STORED DATA:
+++++

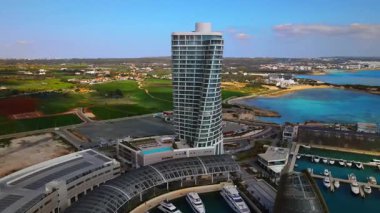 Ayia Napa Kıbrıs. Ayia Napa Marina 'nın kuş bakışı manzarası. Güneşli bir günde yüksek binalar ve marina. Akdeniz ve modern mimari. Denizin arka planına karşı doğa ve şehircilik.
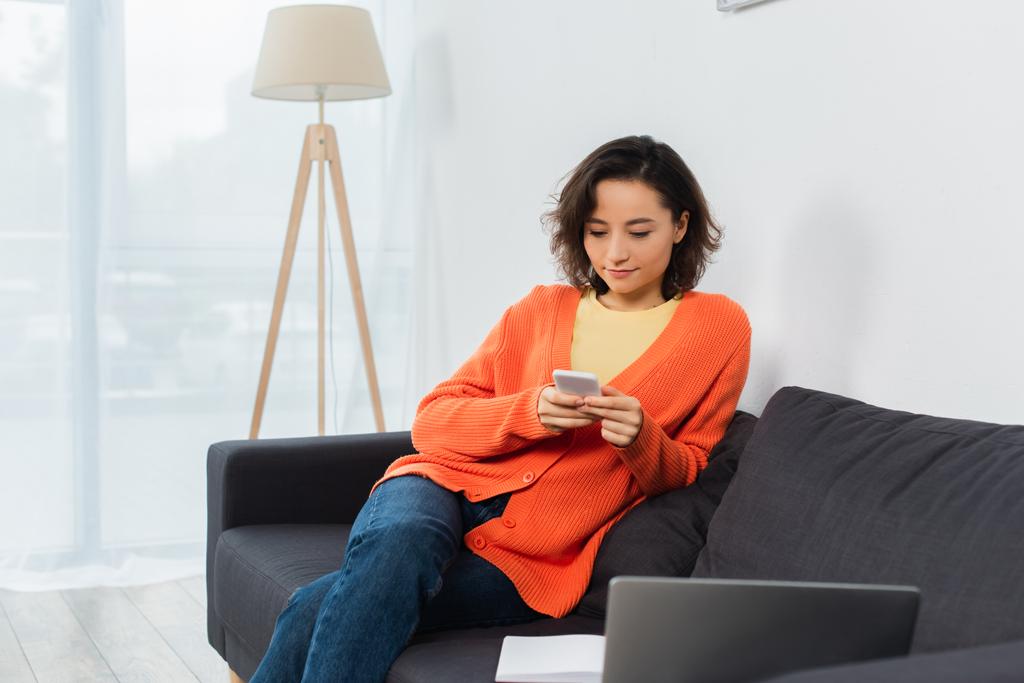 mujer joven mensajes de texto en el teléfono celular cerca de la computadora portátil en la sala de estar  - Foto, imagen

+++++

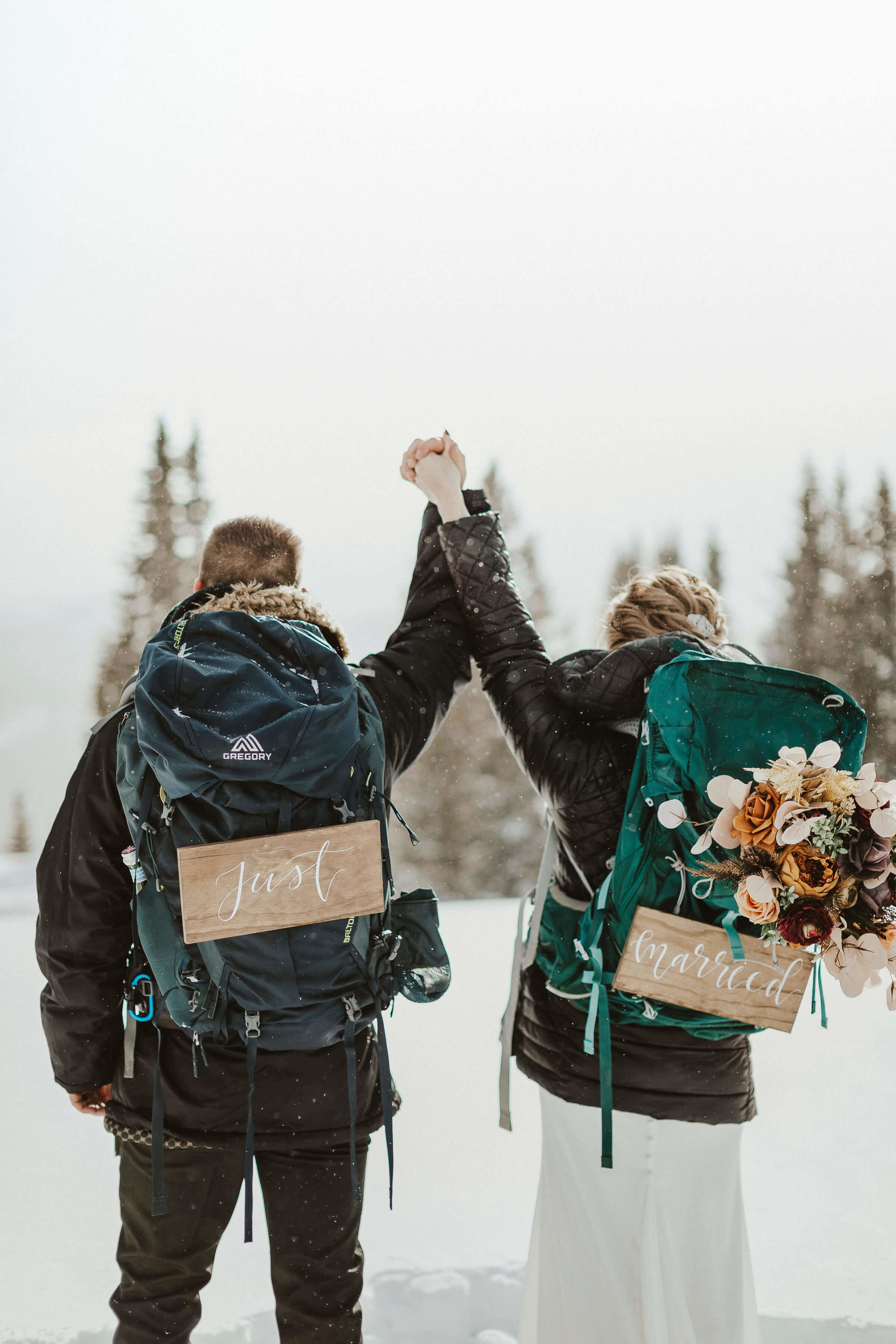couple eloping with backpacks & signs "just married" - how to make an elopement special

+++++

ABOUT THIS TASK:
From the records above, copy only the lines running from the line holding "Ayia Napa Kıbrıs." through the line holding "mujer joven mensajes", with no pictures.

RESULT OF THE EXERCISE:
 Ayia Napa Kıbrıs. Ayia Napa Marina 'nın kuş bakışı manzarası. Güneşli bir günde yüksek binalar ve marina. Akdeniz ve modern mimari. Denizin arka planına karşı doğa ve şehircilik.
 mujer joven mensajes de texto en el teléfono celular cerca de la computadora portátil en la sala de estar  - Foto, imagen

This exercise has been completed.